La fréquentation des salles obscures fournit les conditions les plus propices à la transe hypnotique. Comme jadis les prisonniers dans la caverne de Platon, nous voilà fascinés par le jeux d’ombres et de lumières projetées sur la paroi. Ce rêve immersif qui nous absorbe se donne pour une étrange réalité, un souvenir d’événements qui nous seraient arrivés à notre insu et dont nous ressentons avec toute la puissance d’un ressac, la portée inattendu sur le cours de notre vie ordinaire.
Il n’en reste pas moins vrai que ce déjà-vu saisissant d’un événement aboli s’obtient plus facilement avec Mulholland drive de David Lynch qu’avec Banana Boulevard, du trop méconnu Richard Balducci. A quoi tient donc cette singularité des films de David Lynch ?

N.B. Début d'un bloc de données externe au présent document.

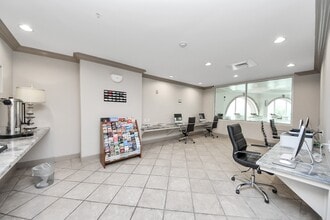 Building Photo - 10327 Termini-San Luis Pass Rd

Le créateur de Blue Velvet et de Twin Picks utilise tout simplement un procédé bien connu d’induction hypnotique qui s’articule en trois étapes :
1. La confusion
2. La dissociation
3. La suggestion
La confusion
Il s’agit d’abord d’exposer aux spectateurs une intrigue labyrinthique aux repères spacio-temporels brouillés. A ce stade, il est important d’appuyer lourdement sur tous les clichés du polar pour faire croire à la résolution d’une énigme particulièrement rêtive à l’investigation, là où ne se déroule en fait qu’une histoire sans queue, ni tête et pour tout dire « à dormir debout ». A ce jeu-là, toutes les facultés analytiques et rationnelles du sujet sont puissamment mobilisées et l’esprit conscient, placé dans une voie de garage, se trouve ainsi hors d’état de nuire.
La dissociation
La part inconsciente du sujet, laissée la bride sur le cou, est exposée à un déluge d’images et de sons qu’elle prend de plein fouet et sans aucune distanciation critique. Elle traite alors comme c’est son rôle tous les phénomènes qui se présentent comme autant d’expériences et d’apprentissages réels qu’elle a pour mission d’emmagasiner. Soumis pourtant au mêmes péripéties, Conscient et Inconscient se désolidarisent tout-à-fait dans leur interprétation, sans aucune communication comme s’ils s’étaient perdus de vue à deux extrêmités de la salle, allant jusqu’à oublier la présence de l’autre et jusqu’au souvenir qu’à l’origine c’était bien ensemble qu’ils s’y étaient rendus !
La suggestion
Toutes les images suggérées s’enracinent enfin dans le vécu du spectateur et y engravent des émotions variables mais foncières qui vont, selon les parcours de vie, de la panique à la colère, du dégoût au désir, de l’ennui à l’obsession, et suscitant des
des avis tout aussi mitigés, de la dévotion béate à la condamnation sans appel.
On ne saurait trop insister en conclusion sur la puissance pharmacologique de films conçu sur ce modèle, lesquels agissent en effet comme des drogues, tout en mettant en garde leurs consommateurs sur le caractère aléatoire de la prescription et partant sur les résultats obtenus.